Tokens appear to go back deep into the history of tolling - see the rectangular token of the Wrightsville & Chanceford Turnpike Company in eastern Pennsylvania dating to early in the 19th century. (The Present Pennsylvania Turnpike Commission would have you believe private toll concessions are a radical new idea but there were hundreds of them in Pennsylvania 180 years ago.)

Early efforts to automate coin or token payment involved coin in the slot technology which goes back to the beginning of the 20th century for sale of snacks and soda. The real challenge to developing effective coin machines for toll collection was the need to get away from a slot - awkward for a motorist to use reaching the left arm out the window of a car. Hence the basket into which the motorist can drop or throw coins. Reliable mechanisms to effectively handle tumbling coins took several decades to develop.

Here we continue with extracts from a piece from TOLL ROADS Newsletter #34 Dec 1998:

The first toll in the world was taken by an automatic coin machine (ACM) on New Jersey’s Garden State Parkway (GS Pkwy) in 1953, according to Al Palmer an industry veteran, now (1998) operating a modest consulting business Palmer and Associates out of Camarillo CA, while also running up 5,000mi/mth searching out records of old toll roads for a history of North American turnpikes that he’s working on.

Two companies Taller & Cooper of Brooklyn for whom Palmer worked, and Grant Money Meter of Providence RI, each provided test machines to the GS Pkwy. The tests were conducted at the Fairlawn ramp plazas, one company’s machine on either side. Both worked about equally well, Palmer recalls, and the first production model machines were installed at the Bergen and Union mainline plazas of the busy northern section of the Parkway. They spread its length in the next two years while ACMs were also installed on the Chicago Skyway, and the Boston end of the Massachusetts Turnpike. By the mid-60s they were on the Kentucky system (since de-tolled) and Oklahoma and were being installed here and there all over the country.

The secret to the success of these coin machines was efficiently handling thrown coins. Earlier efforts to apply coin-in-the-slot technology from the vending and ticket issuing business failed. Taller & Cooper’s principal business was selling fare machines for buses and they were helped in designing a workable ACM by already having ability to build gear that handled coins in a lurching, bumping bus, Palmer says.

They were known in the trade as Tollomatics first, but that was a brand name, so the generic name become Automatic Toll Machines (ATMs). But when the banks came out with Automatic Teller Machines in the late 1970s the acronym ATM was regarded as confusing so ‘Coin’ was substituted to produce a new distinctive acronym ACM.

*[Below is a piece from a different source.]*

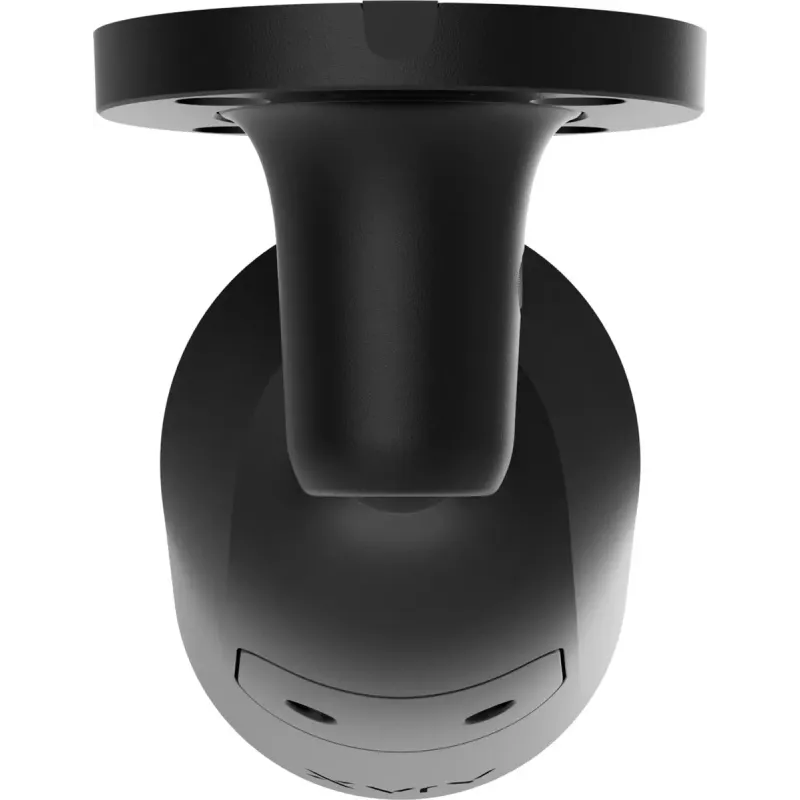IP Камера Ajax BulletCam HL 8MP 2.8mm Black (000059511)
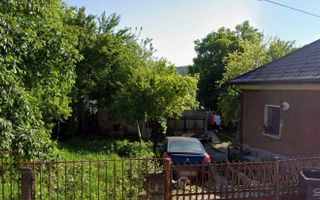 Casă tip duplex în curs de renovare, cartier Copou, str. Toma Cozma 55, Iași – 3 camere, teren 566 mp - Poză 4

TransCore bought the rights from Cubic to the last of the electromechanical ACMs that trace their ancestry back to the inventors Taller & Cooper and Grant. Rugged machines they still provide good service at many toll lanes around the country. But they are gradually being replaced by a new generation of electronic equipment that is slightly faster, is easier to program and better at distinguishing slugs and foreign coins.

French, Japanese and Australian companies remain manufacturing coin machines, the last American machines having been made back in the 1980s by Cubic. For a while longer parts for the old electromechanical machines were stocked.